Image-text web data:
::::::

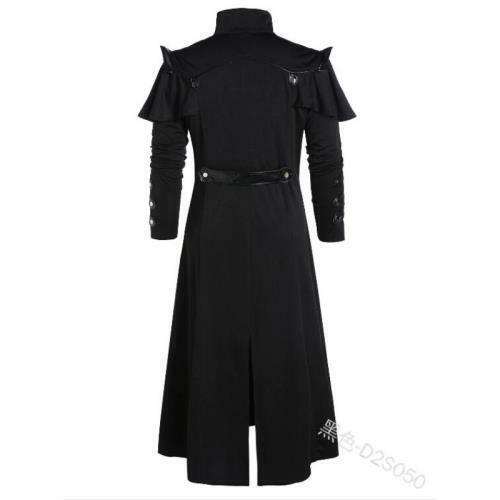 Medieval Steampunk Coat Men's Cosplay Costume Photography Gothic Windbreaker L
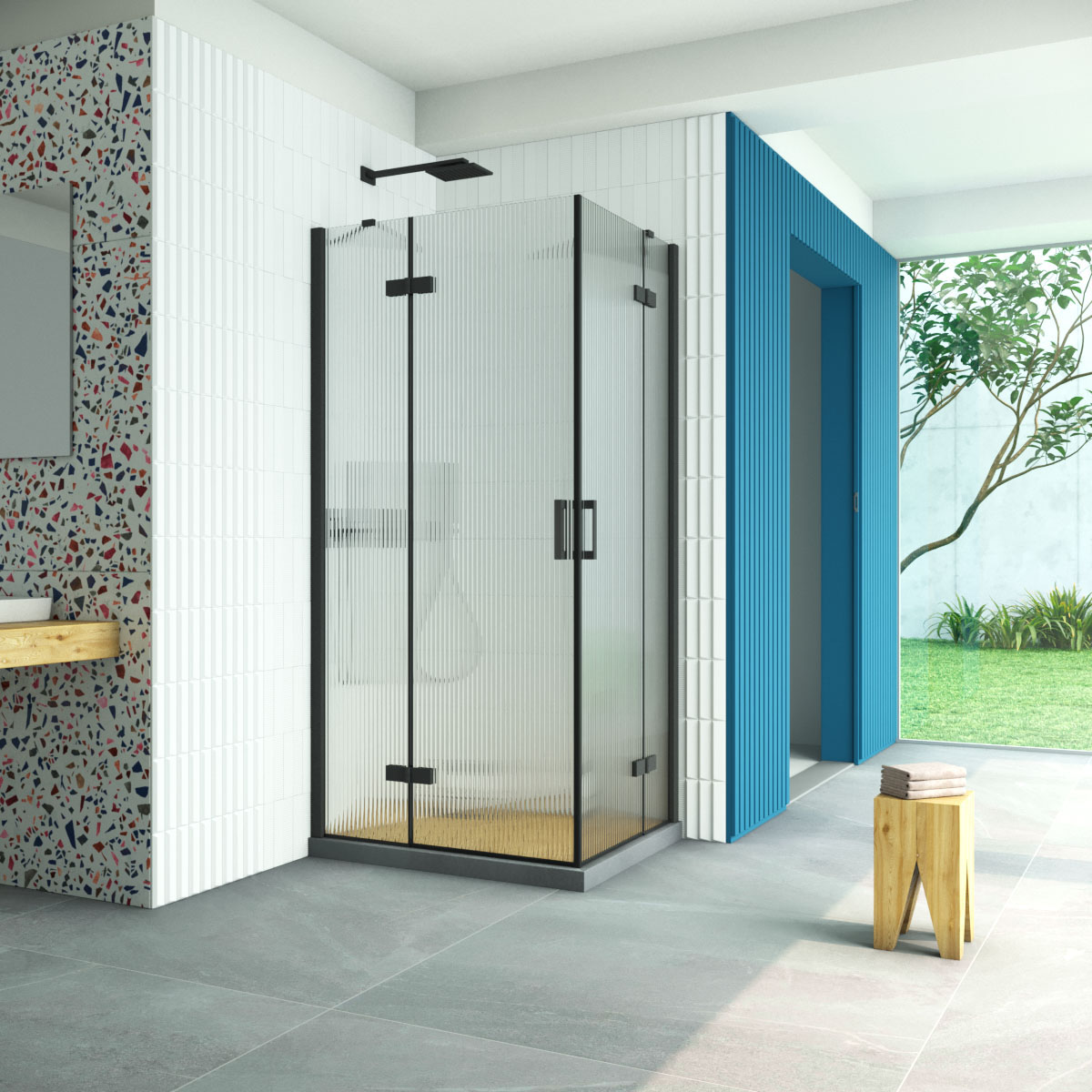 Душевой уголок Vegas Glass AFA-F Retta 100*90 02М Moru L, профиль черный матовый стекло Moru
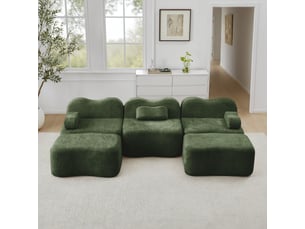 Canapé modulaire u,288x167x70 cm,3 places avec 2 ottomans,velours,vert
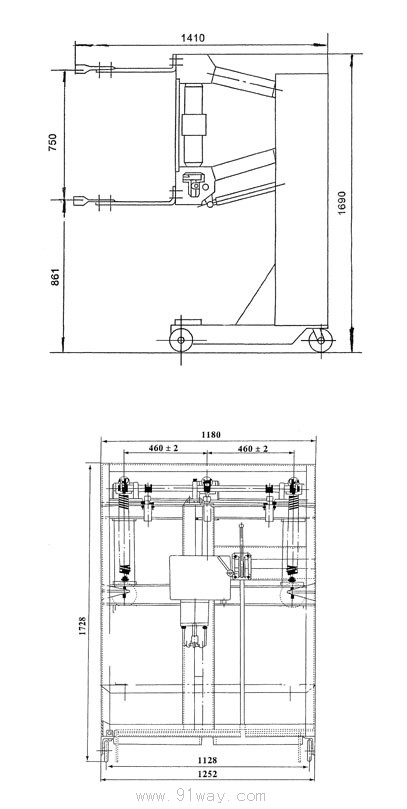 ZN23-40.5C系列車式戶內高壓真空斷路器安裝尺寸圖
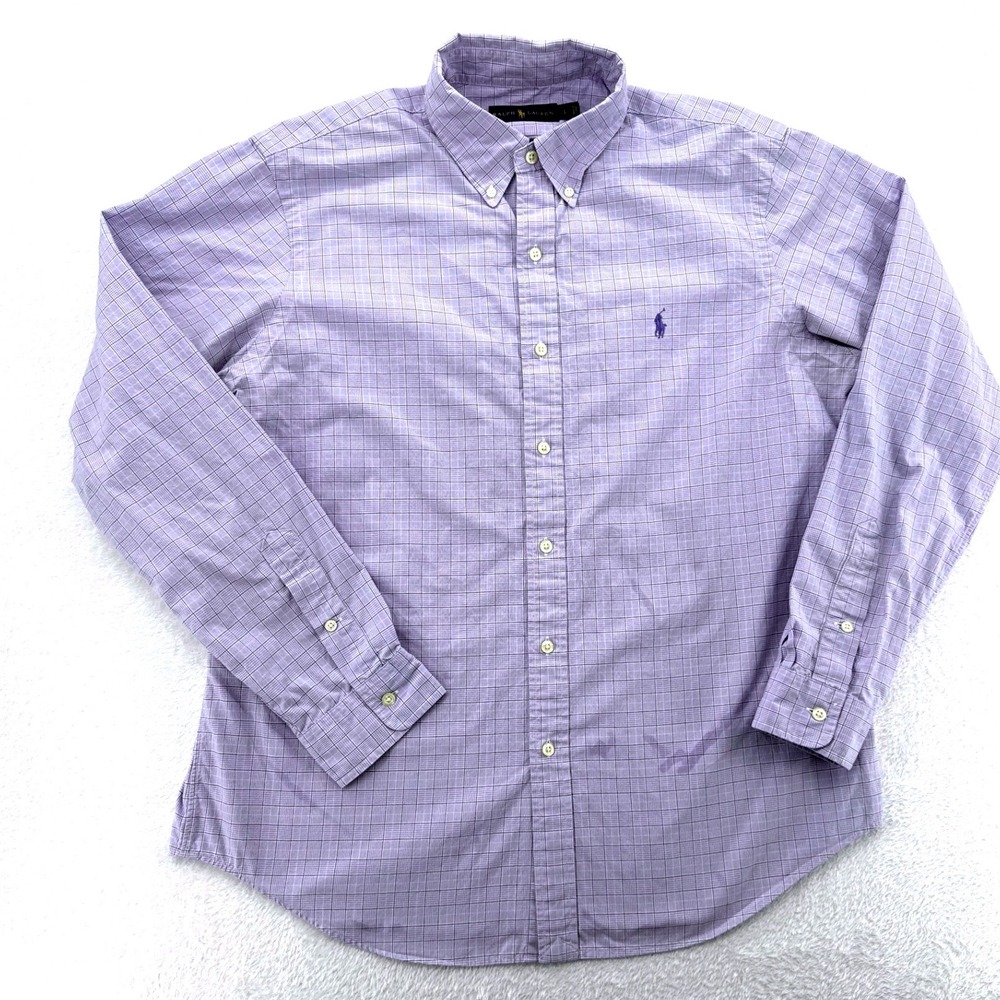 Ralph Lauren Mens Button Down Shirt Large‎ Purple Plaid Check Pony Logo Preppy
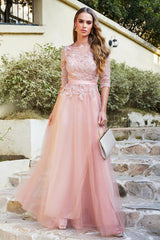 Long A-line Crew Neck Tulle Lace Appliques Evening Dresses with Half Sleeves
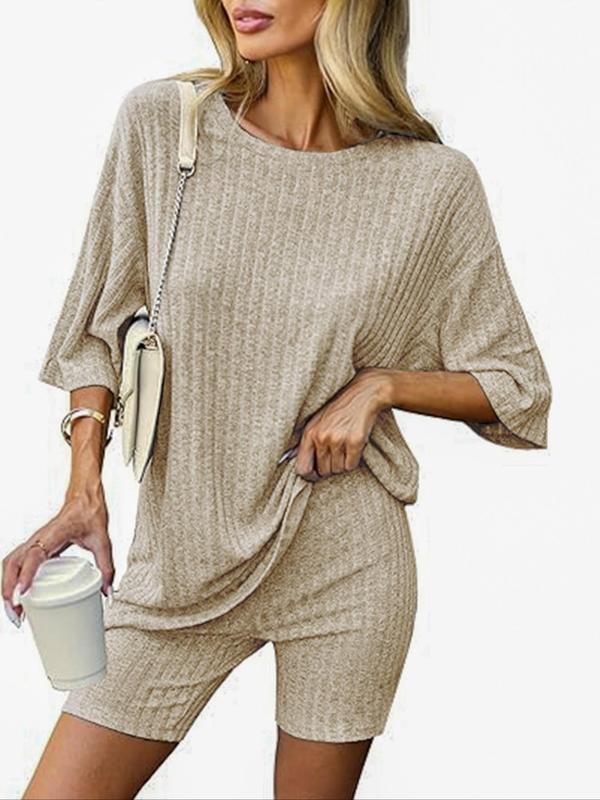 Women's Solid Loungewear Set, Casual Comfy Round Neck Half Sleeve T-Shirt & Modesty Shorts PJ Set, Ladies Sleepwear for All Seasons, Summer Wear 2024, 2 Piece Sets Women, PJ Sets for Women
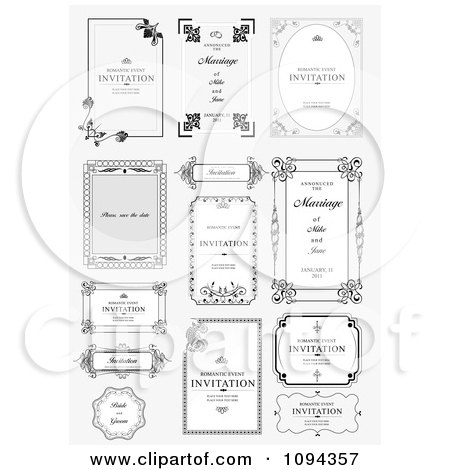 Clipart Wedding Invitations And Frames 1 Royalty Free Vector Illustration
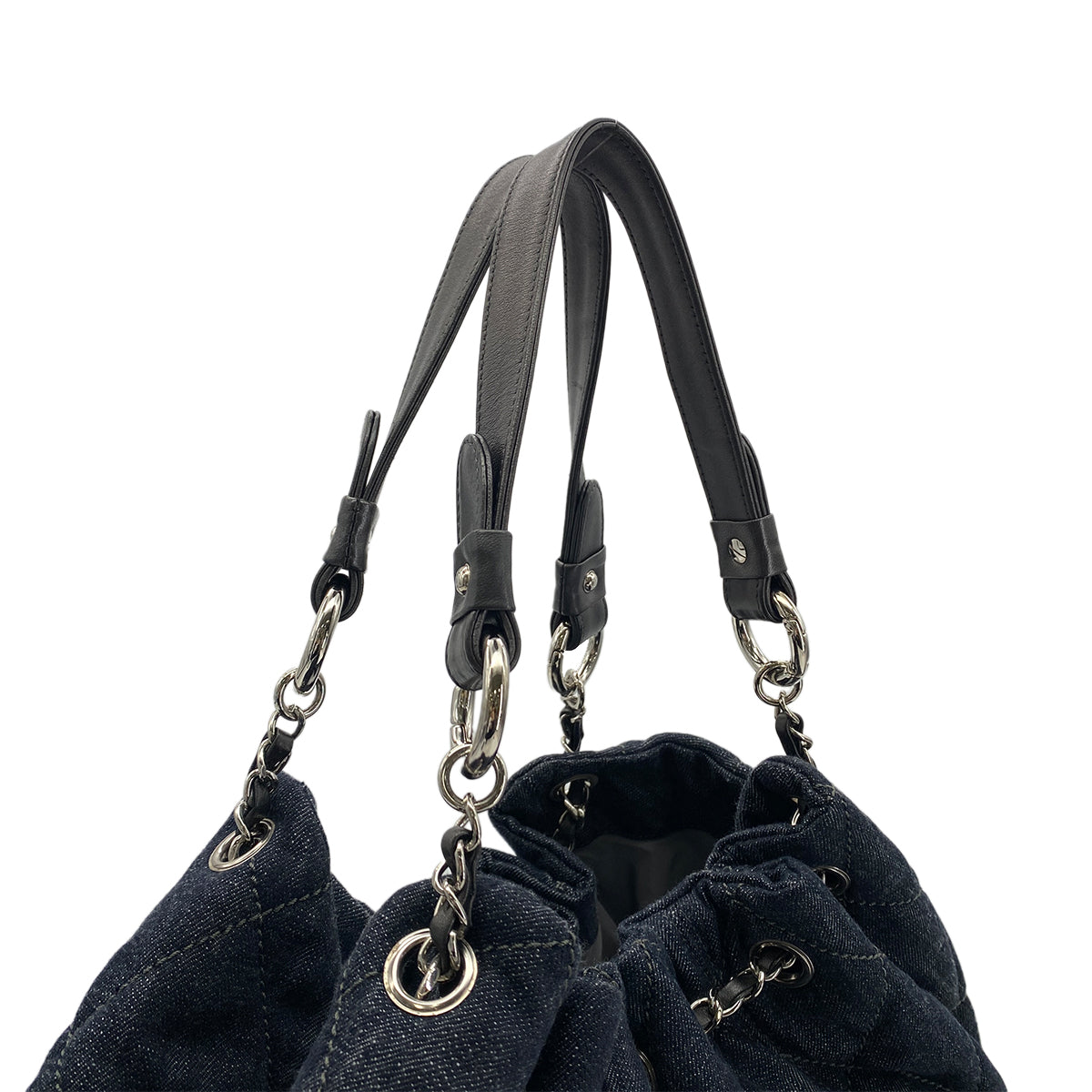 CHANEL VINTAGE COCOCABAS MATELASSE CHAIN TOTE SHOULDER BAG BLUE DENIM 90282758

::::::

**YOUR ASSIGNMENT**
Above are the records; return the lines in them from the one with "Душевой уголок Vegas" to the one with "Long A-line Crew", inclusive, exactly and without images.

**TASK SOLUTION**
 Душевой уголок Vegas Glass AFA-F Retta 100*90 02М Moru L, профиль черный матовый стекло Moru
 Canapé modulaire u,288x167x70 cm,3 places avec 2 ottomans,velours,vert
 ZN23-40.5C系列車式戶內高壓真空斷路器安裝尺寸圖
 Ralph Lauren Mens Button Down Shirt Large‎ Purple Plaid Check Pony Logo Preppy
 Long A-line Crew Neck Tulle Lace Appliques Evening Dresses with Half Sleeves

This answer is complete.